If you know of a bug in https://github.com/mahkoh/jay feel free to open an issue. That being said, I don't see how fifo could ever have better results than the existing mailbox code.

mahkoh avatar Dec 11 '24 19:12 mahkoh

If you know of a bug in https://github.com/mahkoh/jay feel free to open an issue.

Occluded mpv surface progressed completely unthrottled on Jay, but that was last month and I haven't tested since then. I intended to report this but it slipped my mind. I'll open an issue if it's still a problem tomorrow or day after. thx for the work.

llyyr avatar Dec 11 '24 19:12 llyyr

Occluded mpv surface progressed completely unthrottled on Jay

Hmm, that is surprising. In my implementation I have diverged a bit from the mainstream and made it so that even wp-fifo alone should be enough to throttle presentation to 40hz.

When I tested this mpv branch, I believe that I also confirmed that the throttling was working correctly.
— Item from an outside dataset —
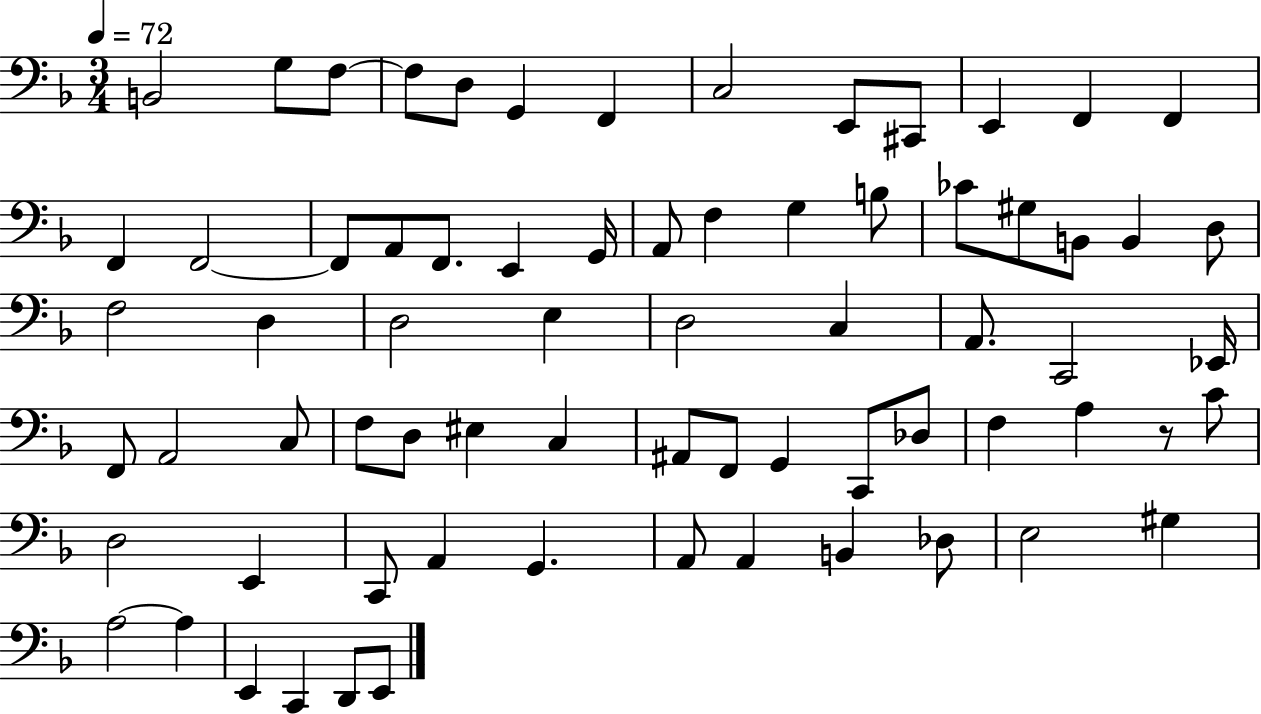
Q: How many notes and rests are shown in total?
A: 71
I have repeated this test just now with vkcube-wayland and it looks like it is still working:

~$ WAYLAND_DEBUG=1 vkcube-wayland 2>&1 | rg --line-buffered set_barrier | sed -u -E 's/^(.*?).......\].*/\1/' | uniq -c
     44 [3826
     40 [3827
     40 [3828
     40 [3829
     40 [3830
     40 [3831
     40 [3832
     40 [3833

I extract the "second" component from the wayland debug output and count how many wp_fifo.set_barrier events occur with the same timestamp.

I'll open an issue if it's still a problem tomorrow or day after. thx for the work.
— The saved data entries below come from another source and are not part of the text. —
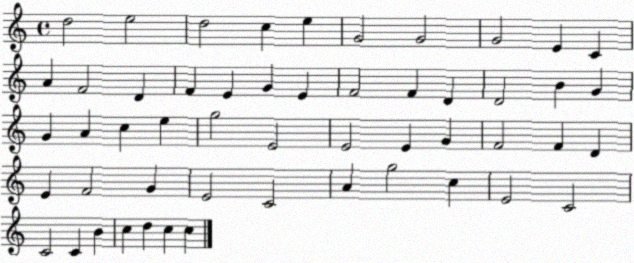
X:1
T:Untitled
M:4/4
L:1/4
K:C
d2 e2 d2 c e G2 G2 G2 E C A F2 D F E G E F2 F D D2 B G G A c e g2 E2 E2 E G F2 F D E F2 G E2 C2 A g2 c E2 C2 C2 C B c d c c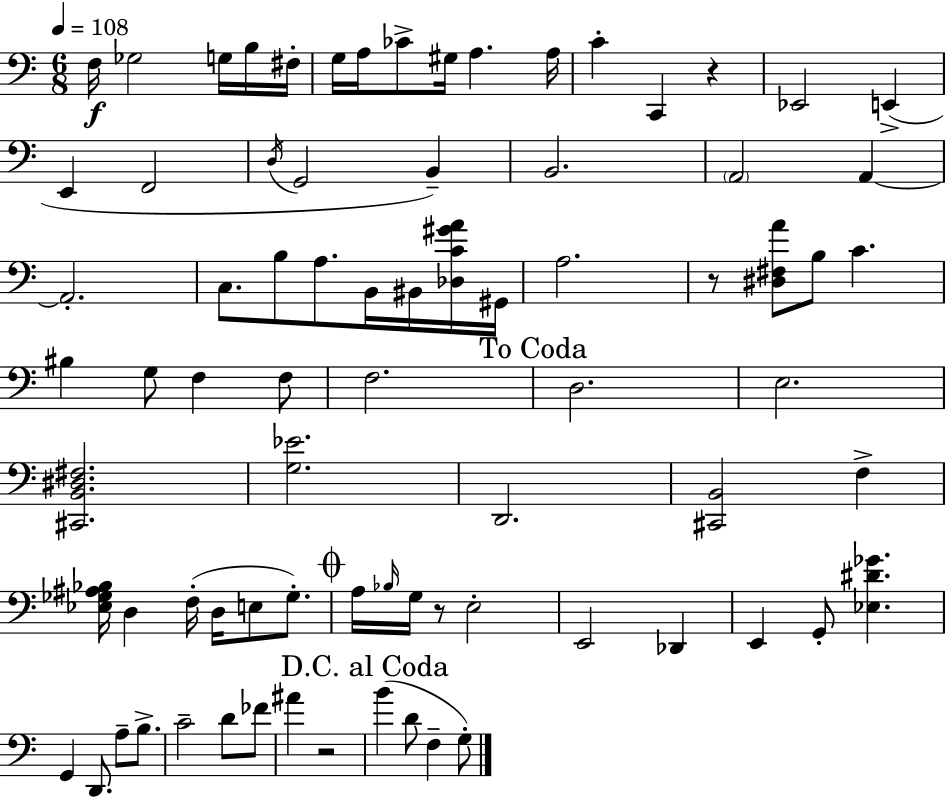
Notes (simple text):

F3/s Gb3/h G3/s B3/s F#3/s G3/s A3/s CES4/e G#3/s A3/q. A3/s C4/q C2/q R/q Eb2/h E2/q E2/q F2/h D3/s G2/h B2/q B2/h. A2/h A2/q A2/h. C3/e. B3/e A3/e. B2/s BIS2/s [Db3,C4,G#4,A4]/s G#2/s A3/h. R/e [D#3,F#3,A4]/e B3/e C4/q. BIS3/q G3/e F3/q F3/e F3/h. D3/h. E3/h. [C#2,B2,D#3,F#3]/h. [G3,Eb4]/h. D2/h. [C#2,B2]/h F3/q [Eb3,Gb3,A#3,Bb3]/s D3/q F3/s D3/s E3/e Gb3/e. A3/s Bb3/s G3/s R/e E3/h E2/h Db2/q E2/q G2/e [Eb3,D#4,Gb4]/q. G2/q D2/e. A3/e B3/e. C4/h D4/e FES4/e A#4/q R/h B4/q D4/e F3/q G3/e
Please do if you have a reproducer.

mahkoh avatar Dec 11 '24 19:12 mahkoh

Please do if you have a reproducer.

I just tried it and this is a mpv bug related to suspended event. When mpv is suspended, it stops drawing new frames. I don't think this is appropriate when using fifo but I'm not sure how to fix it. This works fine when using legacy fifo or mailbox, but for some reason not with fifo-v1. mpv basically stops receiving any events in WAYLAND_DEBUG when it's not drawing frames when using fifo-v1.

Jay works perfectly if you specify --force-render or ignore the suspended xdg_toplevel event.

I'll let @Dudemanguy figure out what the right fix here is

llyyr avatar Dec 11 '24 22:12 llyyr

Well we certainly deliberately not draw any frames when mpv is suspended. But that shouldn't cause the surface to be permanently blocked. Or at least as far as I know. And when mpv is brought back into view, it should receive callbacks again, be visible and draw frames again. At least that's how it should work but maybe fifo + commit-timing changes this model in a way that makes this not viable.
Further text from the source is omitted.